* [Work task]: Find "Roberto Cavalli S/S" and "Vintage 90s Speedo" in the records below. Copy the lines holding them and every line between, exactly, and no others.
Segment Open
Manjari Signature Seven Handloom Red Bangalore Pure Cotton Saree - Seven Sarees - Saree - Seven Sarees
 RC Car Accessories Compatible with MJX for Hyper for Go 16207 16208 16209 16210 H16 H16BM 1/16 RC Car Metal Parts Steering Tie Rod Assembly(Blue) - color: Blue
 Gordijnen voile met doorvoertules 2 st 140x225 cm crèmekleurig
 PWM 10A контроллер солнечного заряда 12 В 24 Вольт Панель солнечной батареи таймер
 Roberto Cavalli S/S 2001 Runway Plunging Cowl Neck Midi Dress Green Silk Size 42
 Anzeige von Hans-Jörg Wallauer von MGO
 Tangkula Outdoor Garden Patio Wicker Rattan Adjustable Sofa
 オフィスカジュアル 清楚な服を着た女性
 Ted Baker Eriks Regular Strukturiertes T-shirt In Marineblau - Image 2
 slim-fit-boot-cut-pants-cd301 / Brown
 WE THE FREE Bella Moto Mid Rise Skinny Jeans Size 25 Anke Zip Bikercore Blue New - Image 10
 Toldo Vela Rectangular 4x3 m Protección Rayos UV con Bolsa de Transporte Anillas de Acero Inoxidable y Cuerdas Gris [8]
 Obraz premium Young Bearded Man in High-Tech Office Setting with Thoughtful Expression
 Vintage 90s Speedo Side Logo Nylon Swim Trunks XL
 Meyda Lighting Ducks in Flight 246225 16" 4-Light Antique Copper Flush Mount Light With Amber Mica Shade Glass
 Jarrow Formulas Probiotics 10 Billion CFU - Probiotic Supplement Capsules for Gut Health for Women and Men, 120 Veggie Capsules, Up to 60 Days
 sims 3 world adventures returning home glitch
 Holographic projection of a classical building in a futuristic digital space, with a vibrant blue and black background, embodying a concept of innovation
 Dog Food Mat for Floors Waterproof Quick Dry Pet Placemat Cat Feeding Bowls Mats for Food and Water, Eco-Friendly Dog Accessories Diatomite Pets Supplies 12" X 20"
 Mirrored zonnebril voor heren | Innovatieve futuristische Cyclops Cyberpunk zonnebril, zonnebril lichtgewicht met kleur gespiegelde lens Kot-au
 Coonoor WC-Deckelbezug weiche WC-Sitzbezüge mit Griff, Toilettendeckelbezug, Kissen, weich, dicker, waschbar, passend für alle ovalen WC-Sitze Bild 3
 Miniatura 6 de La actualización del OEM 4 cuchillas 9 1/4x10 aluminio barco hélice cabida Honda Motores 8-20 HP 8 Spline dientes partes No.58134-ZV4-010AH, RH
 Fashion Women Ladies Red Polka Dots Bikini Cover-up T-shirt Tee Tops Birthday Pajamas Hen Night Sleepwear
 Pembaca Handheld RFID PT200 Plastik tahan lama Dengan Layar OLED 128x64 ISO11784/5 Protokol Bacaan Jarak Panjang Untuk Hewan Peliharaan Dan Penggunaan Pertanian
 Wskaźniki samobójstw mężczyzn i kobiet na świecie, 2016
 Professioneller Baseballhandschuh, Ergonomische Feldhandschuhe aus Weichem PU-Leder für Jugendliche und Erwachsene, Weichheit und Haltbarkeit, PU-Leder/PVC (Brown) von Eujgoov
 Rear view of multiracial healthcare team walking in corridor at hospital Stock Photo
Segment Closed
* [Exercise response]:
 Roberto Cavalli S/S 2001 Runway Plunging Cowl Neck Midi Dress Green Silk Size 42
 Anzeige von Hans-Jörg Wallauer von MGO
 Tangkula Outdoor Garden Patio Wicker Rattan Adjustable Sofa
 オフィスカジュアル 清楚な服を着た女性
 Ted Baker Eriks Regular Strukturiertes T-shirt In Marineblau - Image 2
 slim-fit-boot-cut-pants-cd301 / Brown
 WE THE FREE Bella Moto Mid Rise Skinny Jeans Size 25 Anke Zip Bikercore Blue New - Image 10
 Toldo Vela Rectangular 4x3 m Protección Rayos UV con Bolsa de Transporte Anillas de Acero Inoxidable y Cuerdas Gris [8]
 Obraz premium Young Bearded Man in High-Tech Office Setting with Thoughtful Expression
 Vintage 90s Speedo Side Logo Nylon Swim Trunks XL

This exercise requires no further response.